---- DATA EXTRACTS

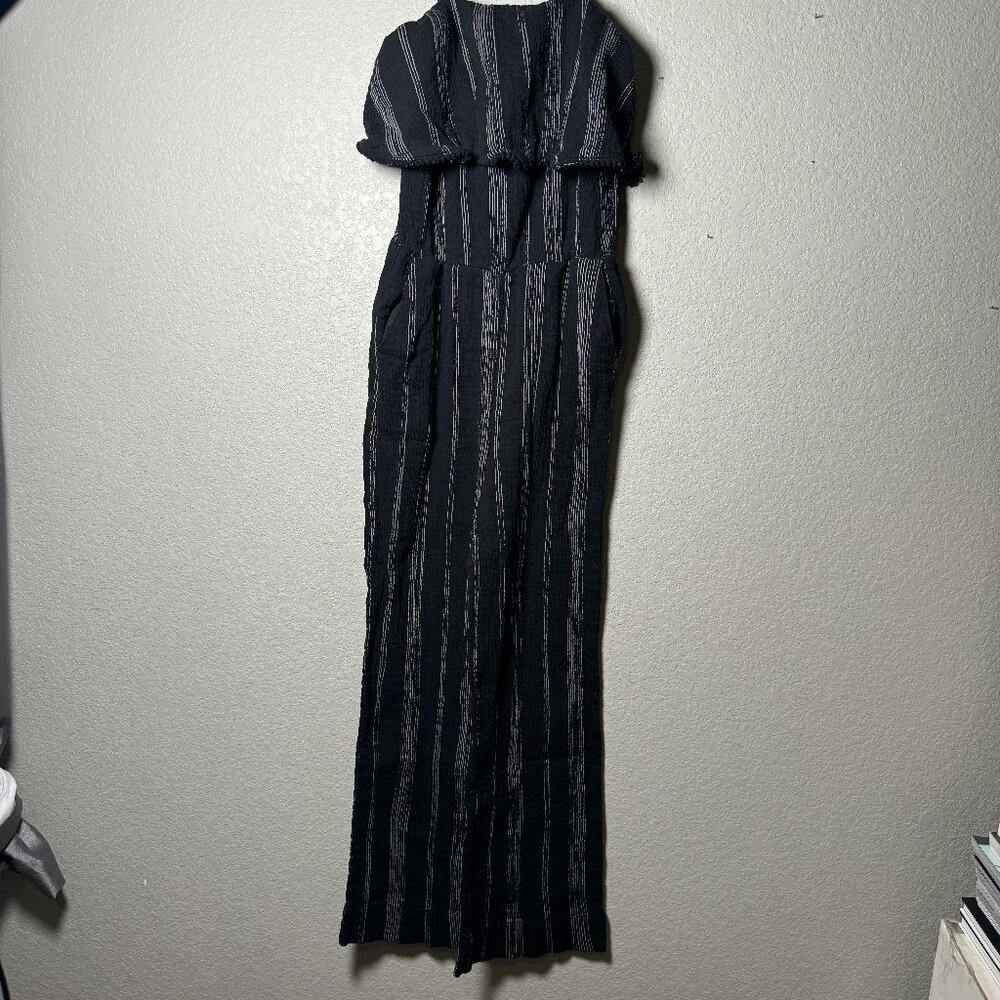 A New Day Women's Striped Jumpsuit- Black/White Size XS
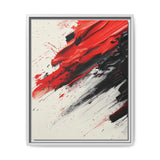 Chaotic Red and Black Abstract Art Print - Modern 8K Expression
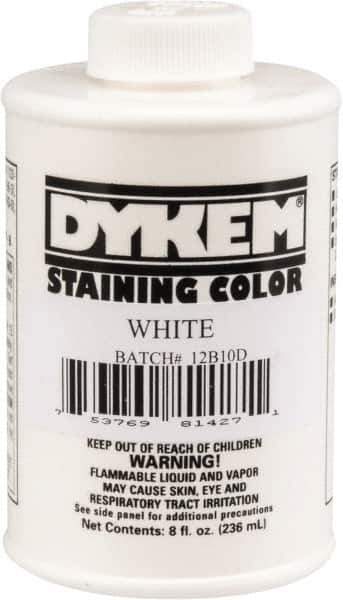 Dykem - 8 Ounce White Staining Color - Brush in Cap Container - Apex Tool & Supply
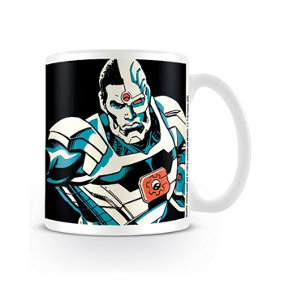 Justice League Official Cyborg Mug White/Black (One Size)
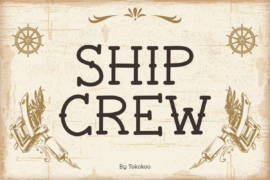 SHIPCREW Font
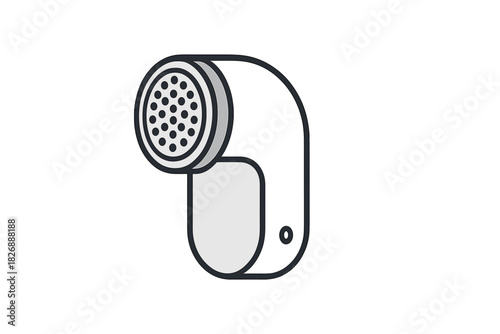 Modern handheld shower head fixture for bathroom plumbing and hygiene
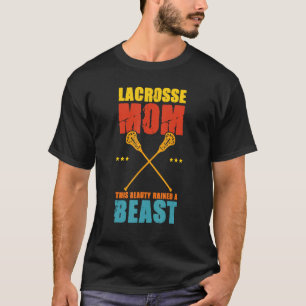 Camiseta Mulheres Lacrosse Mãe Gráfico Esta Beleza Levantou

--------

> [ASSIGNMENT] Give back all the data exactly, minus pictures.

> [TASK RESPONSE]
 A New Day Women's Striped Jumpsuit- Black/White Size XS
 Chaotic Red and Black Abstract Art Print - Modern 8K Expression
 Dykem - 8 Ounce White Staining Color - Brush in Cap Container - Apex Tool & Supply
 Justice League Official Cyborg Mug White/Black (One Size)
 SHIPCREW Font
 Modern handheld shower head fixture for bathroom plumbing and hygiene
 Camiseta Mulheres Lacrosse Mãe Gráfico Esta Beleza Levantou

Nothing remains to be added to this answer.